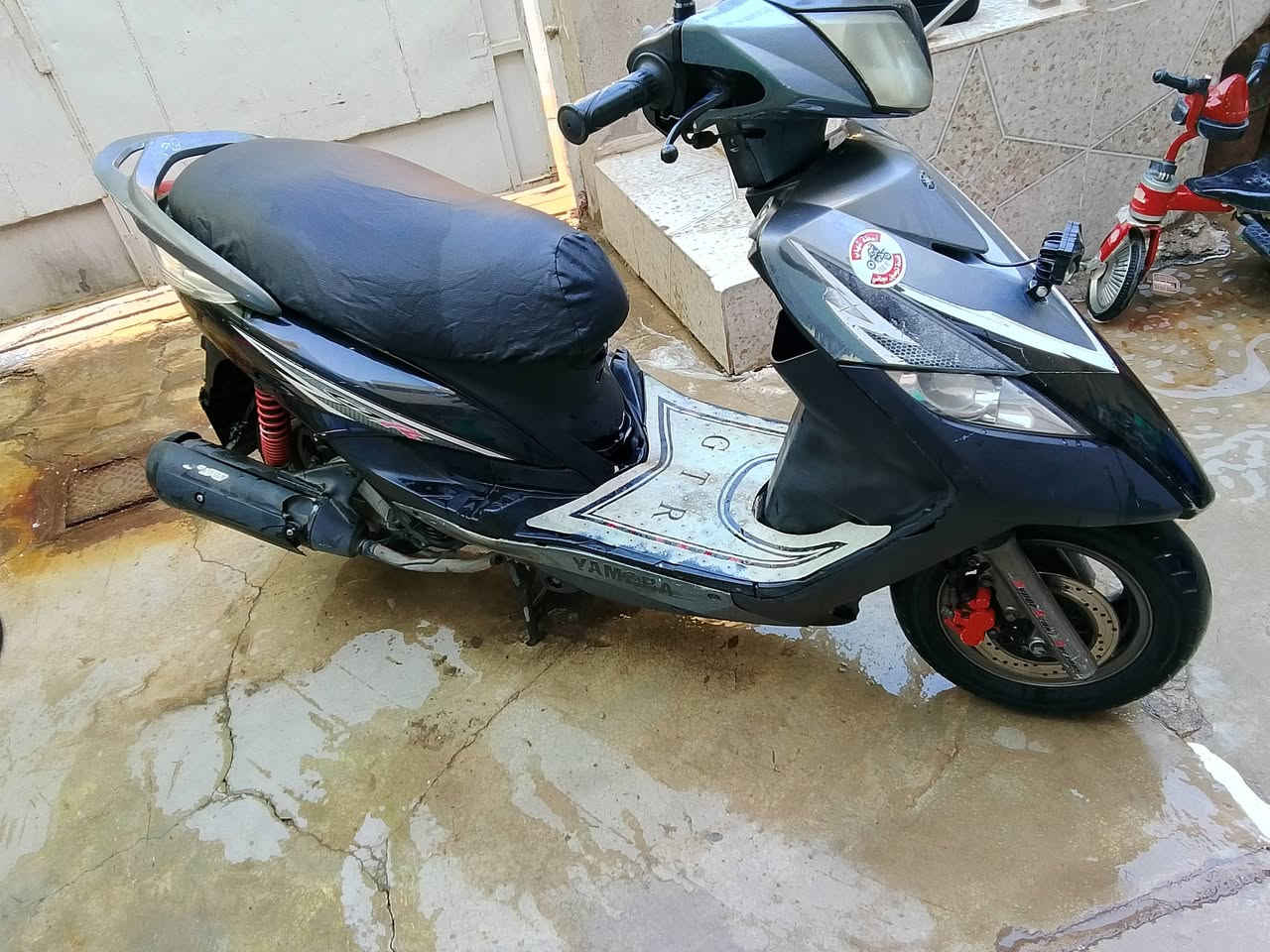 السلام عليكم دراجه ماكس ثعلب نظيف للبيع سعر 400 وبي مجال
***********
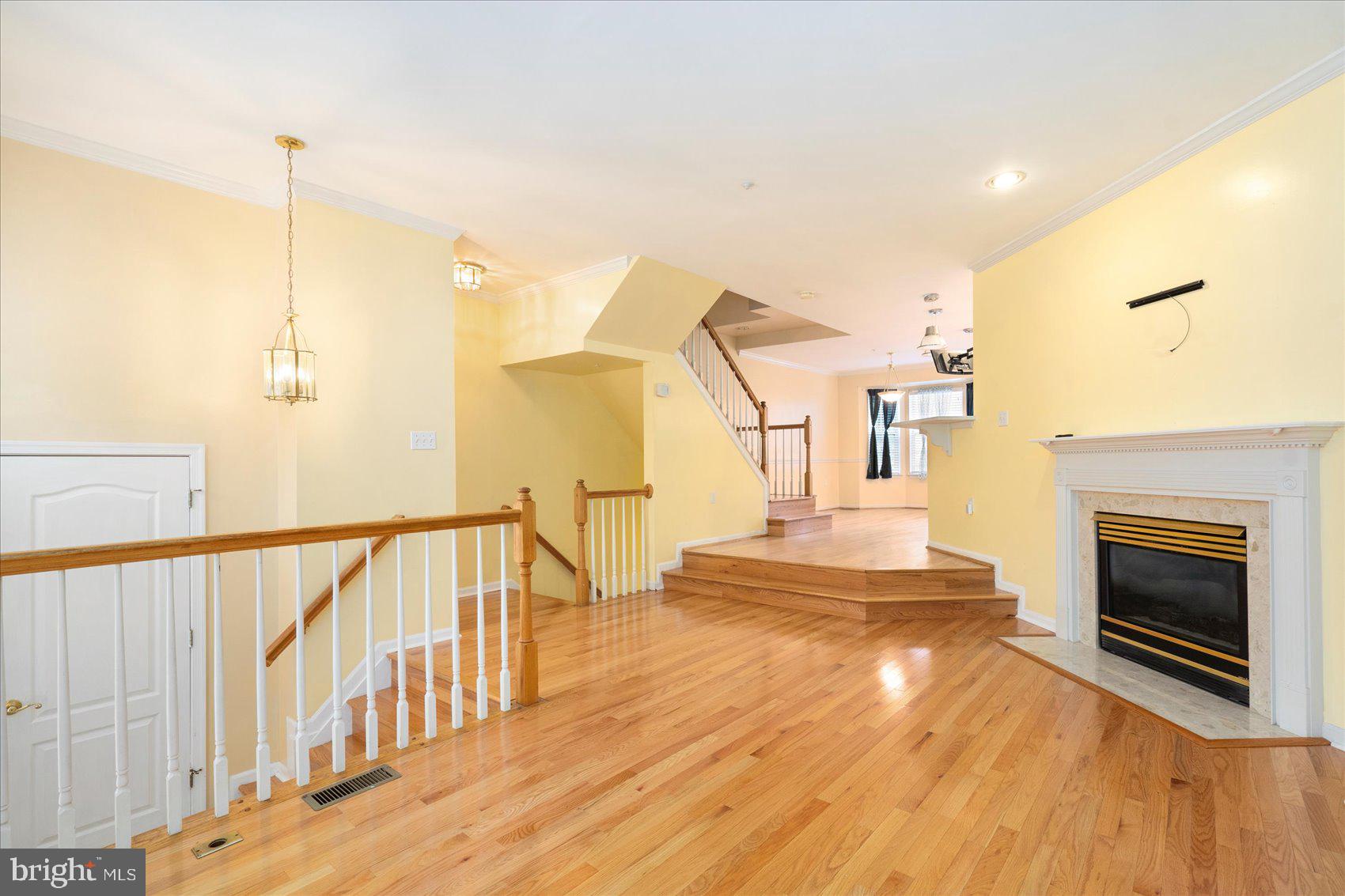 4246 HUNTSHIRE ROAD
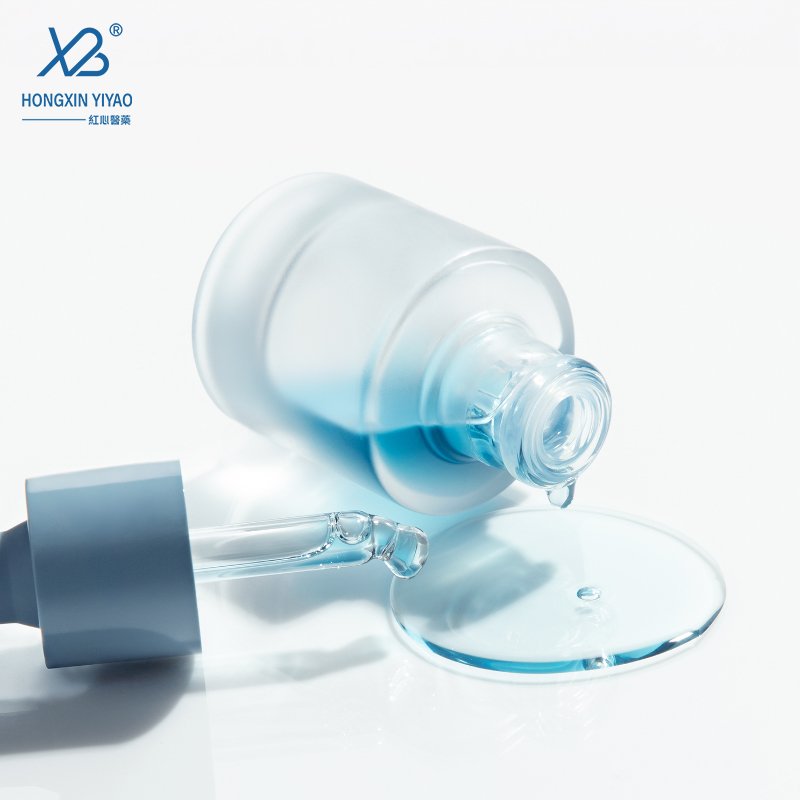 Manufacturer direct sales 15ml essential oil bottle bayonet press cap short round glass bottle cosmetic dropper bottle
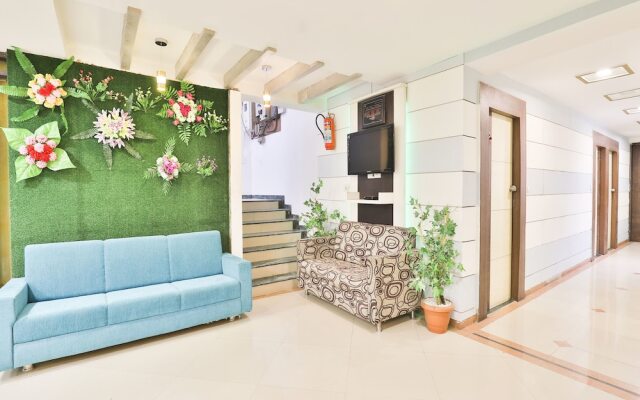 OYO 3299 Hotel Vrundavan
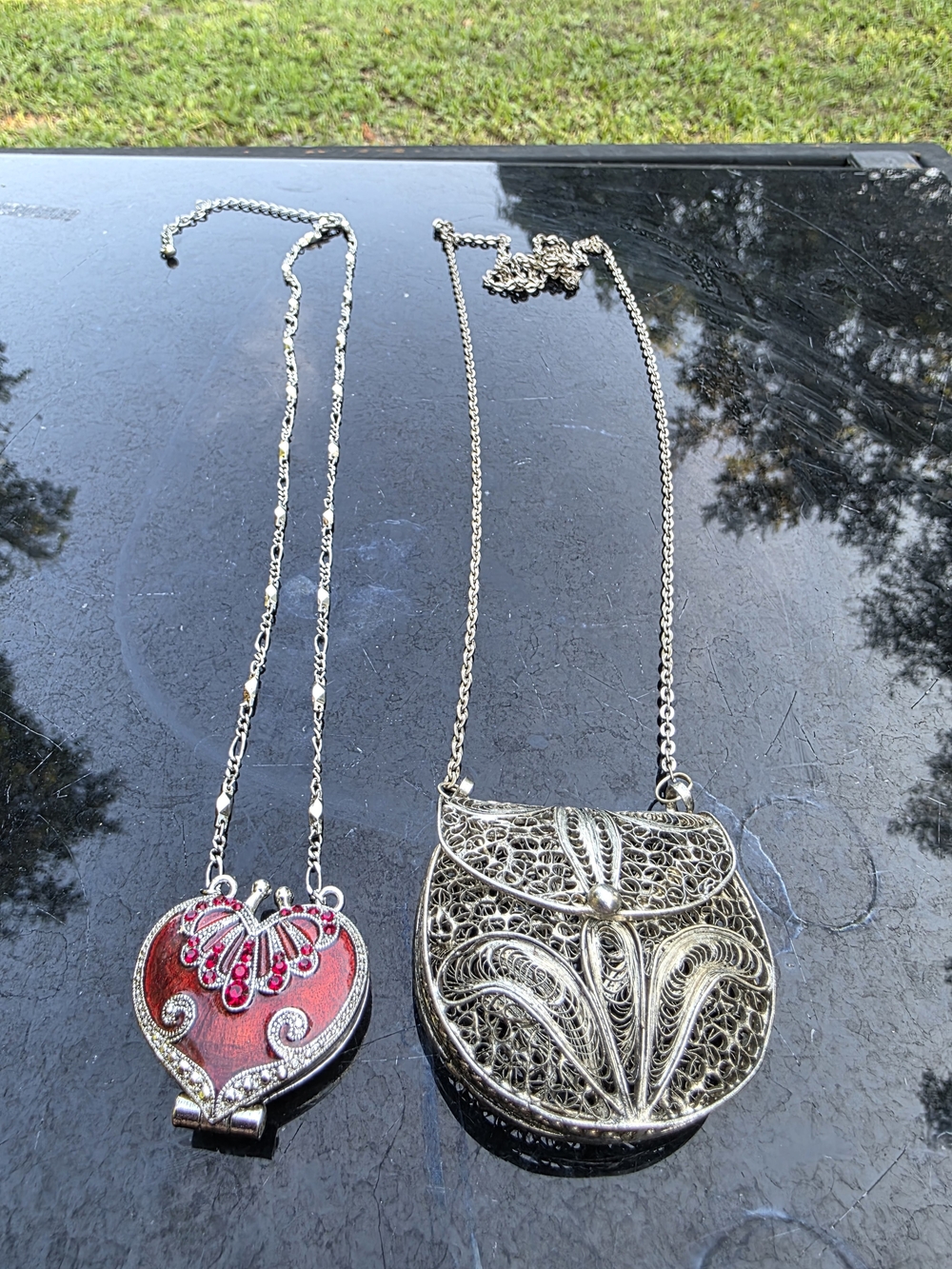 Source Unknown Silver Filigree Crossbody Pendant and Red Heart Locket Necklace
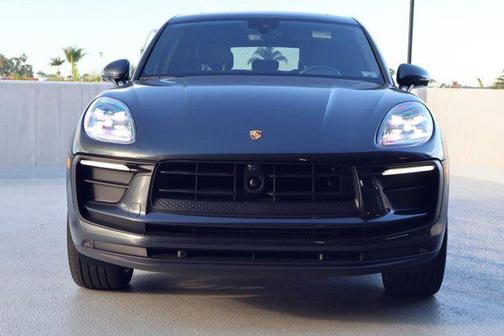 2025 Porsche Macan AWD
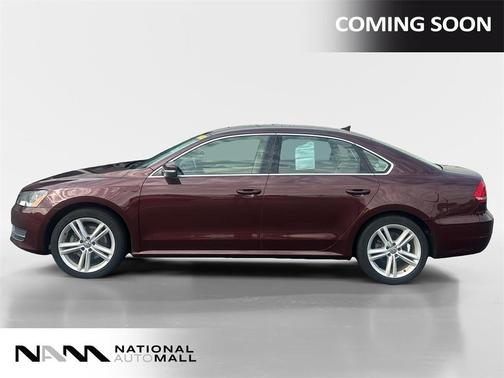 2014 Volkswagen Passat 1.8T Auto SE w/Sunroof & Nav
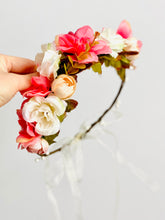 Load image into Gallery viewer, Vintage millinery hats
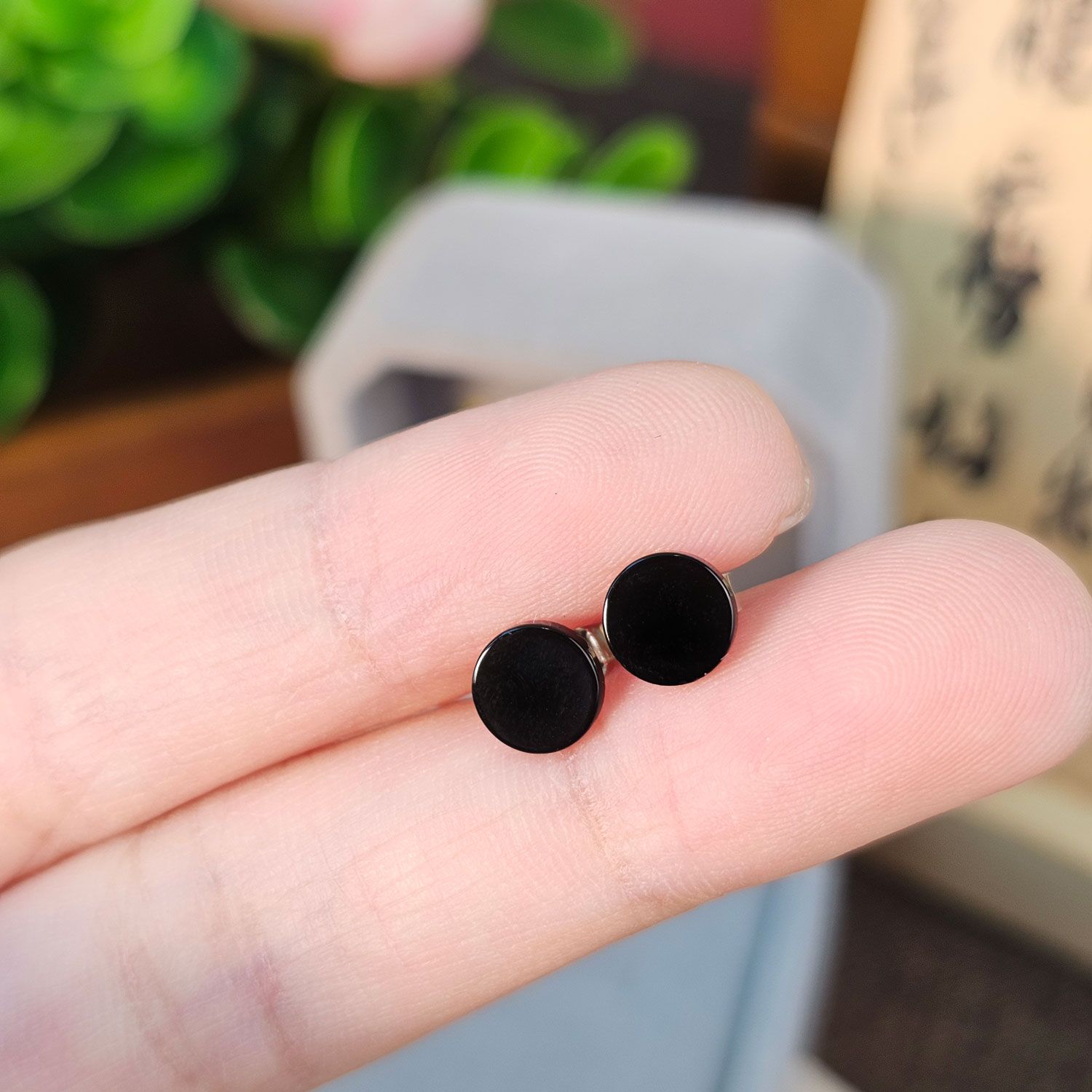 7mm 黑玛瑙圆形耳环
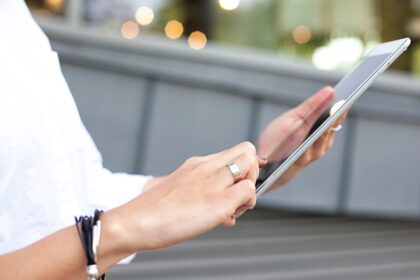 Online i primi due bandi "Futura" e "Onlife" del Fondo per la Repubblica Digitale: 13 milioni di euro per donne e NEET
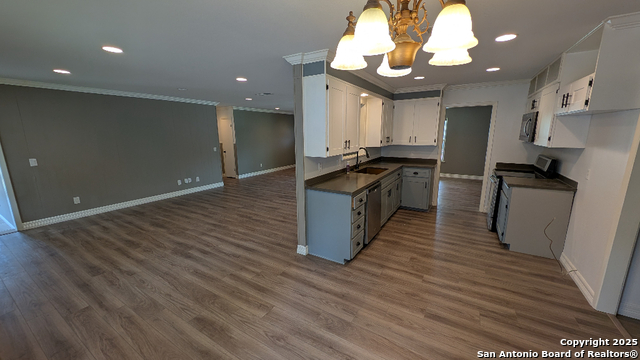 Image 4 of 33 For 838 Timber Dr
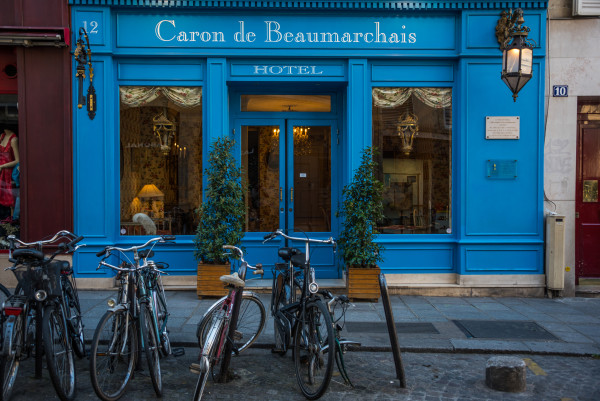 Blue Door + Bikes - Caron de Beaumarchais, Paris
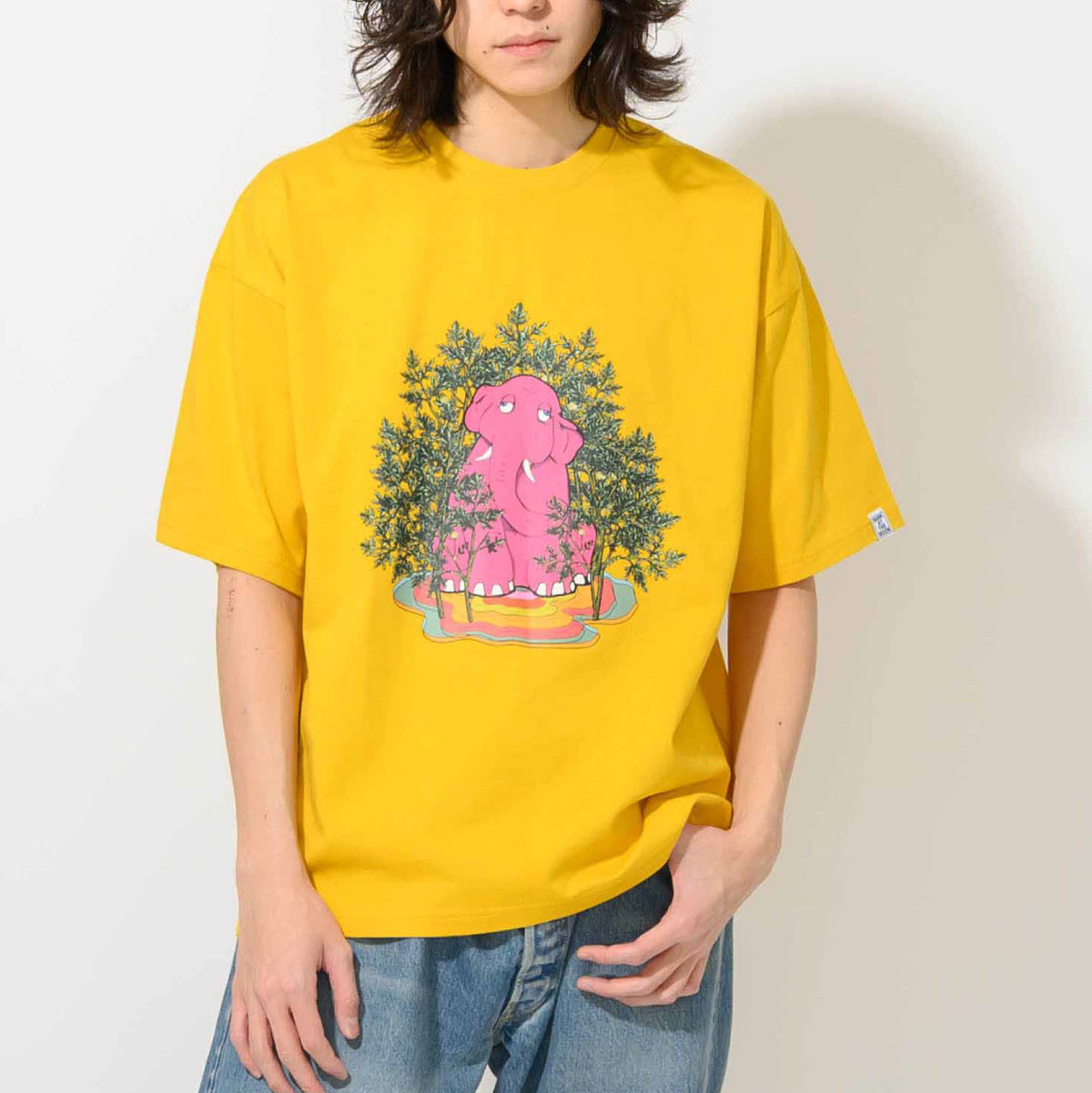 pink elephant_T-shirt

• Assignment: Exactly as written, set down the lines from the line holding "Load image into" to the last line of the data, both ends included, pictures excluded.

• Solution to the problem:
 Load image into Gallery viewer, Vintage millinery hats
 7mm 黑玛瑙圆形耳环
 Online i primi due bandi "Futura" e "Onlife" del Fondo per la Repubblica Digitale: 13 milioni di euro per donne e NEET
 Image 4 of 33 For 838 Timber Dr
 Blue Door + Bikes - Caron de Beaumarchais, Paris
 pink elephant_T-shirt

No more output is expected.